== RECORD EXTRACTS

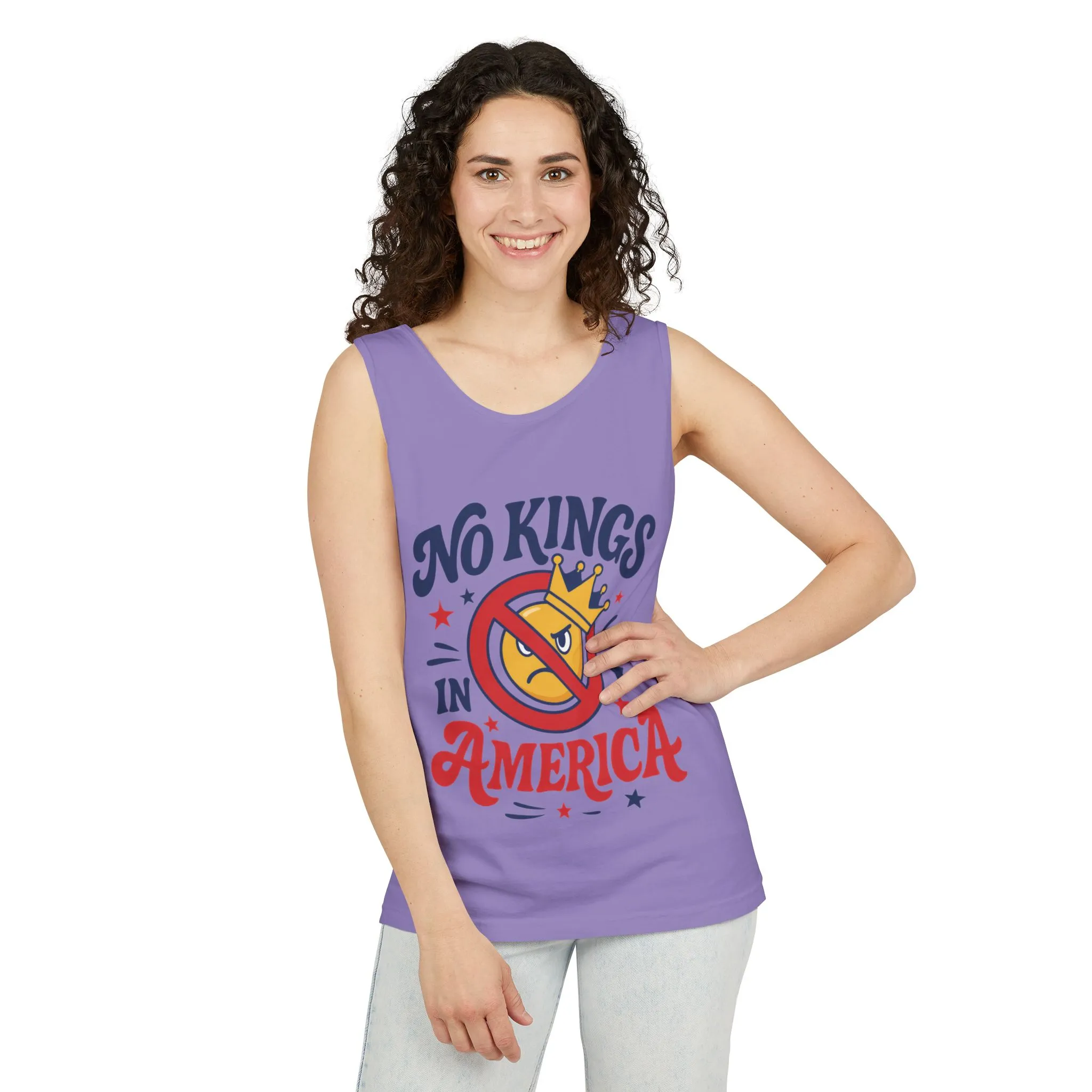 No Kings in America Tank Top - Funny Patriotic Anti Monarchy Sleeveless Shirt - USA Freedom Top, Unisex Summer Apparel, USA Independence Day - Image 29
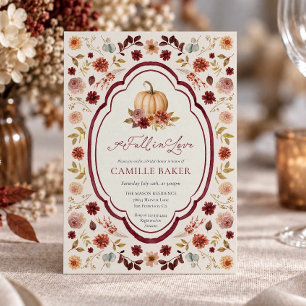 Rustic Fall in Love Pumpkin Bridal Shower Invitati Invitation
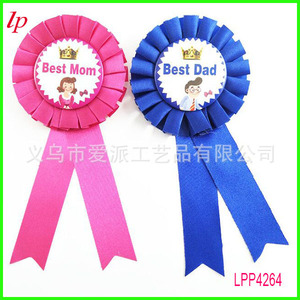 Meilleur badge ruban maman et papa, rose rouge, bleu, en métal, accessoires pour fête de la fête des mères LPP4264 - Product Image 1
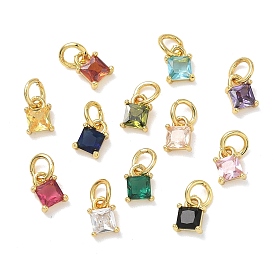 Brass Micro Pave Cubic Zirconia Pendants, Square Charms, Real 18K Gold Plated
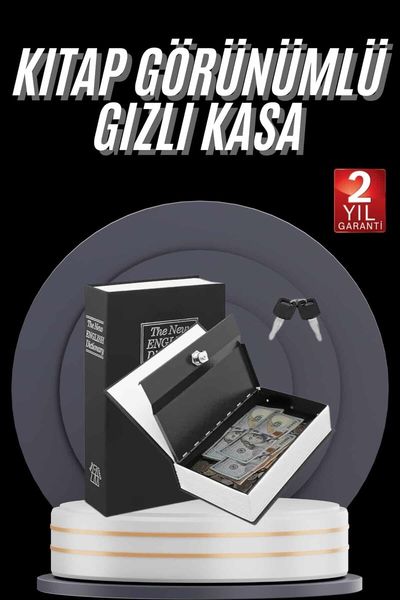 Ally TRİTHLTUCZZZKİTAPGÖRÜNÜMLÜKASAAAA3-BLNCCC Gizli Kasa Kilitli Sözlük Görünümlü 18Cm Gizli Kasa Büyük Boy Anahtarlı 76586883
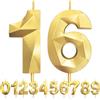 LFWZRY 16° Candele di compleanno, Compleanno Candele Torta Oro, Candela numero 16, 3D Candele con numeri da 5cm, Compleanno Torta Topper Decorazione per Feste di Compleanno Matrimonio Anniversario
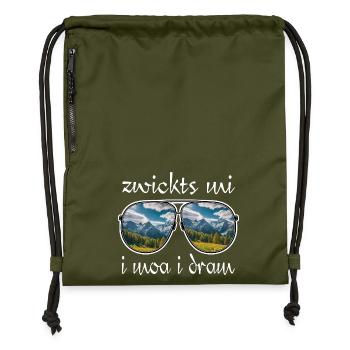 zwickts mi i moa i dram, dialect, hiking, mountains - Gymsac made from recycled material - military green - Front
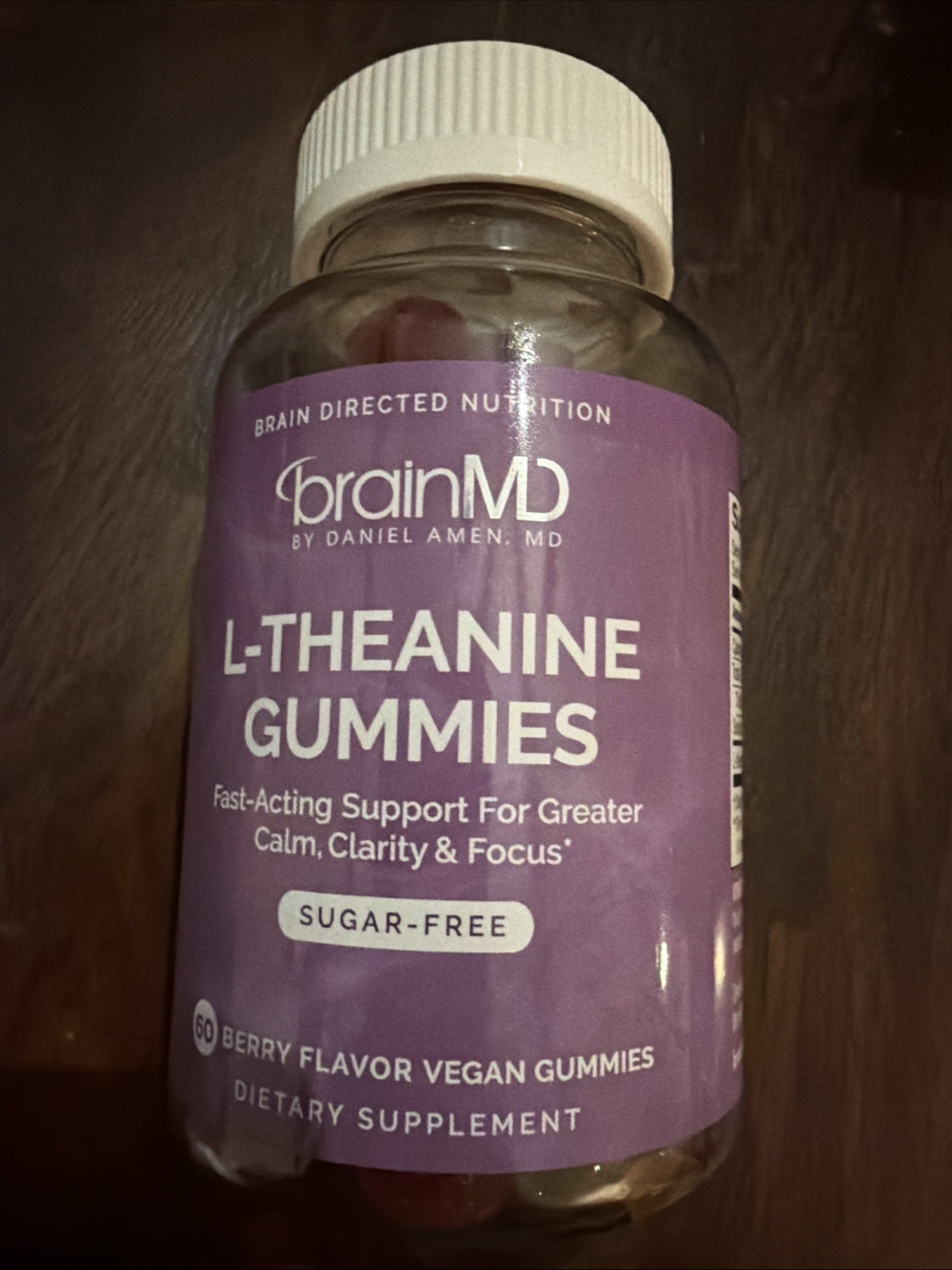 BRAIN MD – L- THEANINE GUMMIES – SUGAR-FREE BERRY FLAVOR – 60 GUMMIES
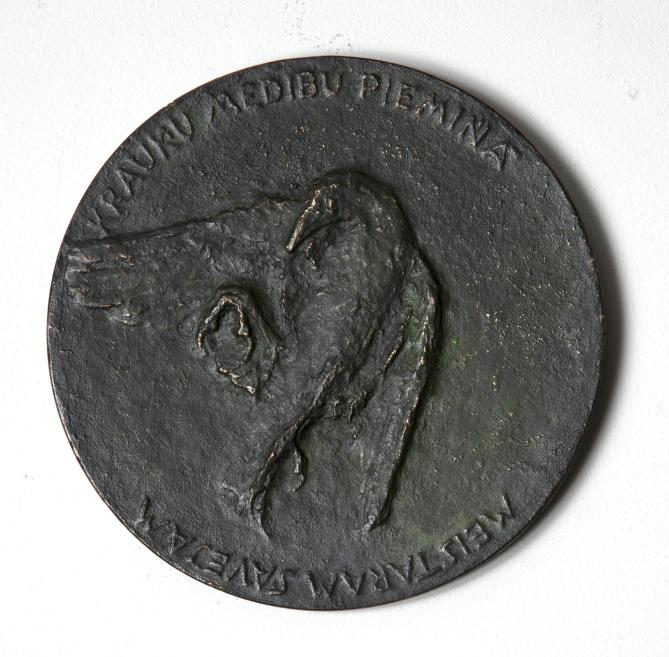 Teodors Zaļkalns.&nbsp;Medaļa "Brālis Jānis". 1930.&nbsp;Bronza, lējums, patinējums.&nbsp;LNMM kolekcija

====

#### EXERCISE DETAILS
Start at the line holding "BRAIN MD – L- THEANINE" and stop at the last line of the entries above. Repeat those lines exactly, pictures excluded.

#### OUTPUT FOR THIS EXERCISE
 BRAIN MD – L- THEANINE GUMMIES – SUGAR-FREE BERRY FLAVOR – 60 GUMMIES
 Teodors Zaļkalns.&nbsp;Medaļa "Brālis Jānis". 1930.&nbsp;Bronza, lējums, patinējums.&nbsp;LNMM kolekcija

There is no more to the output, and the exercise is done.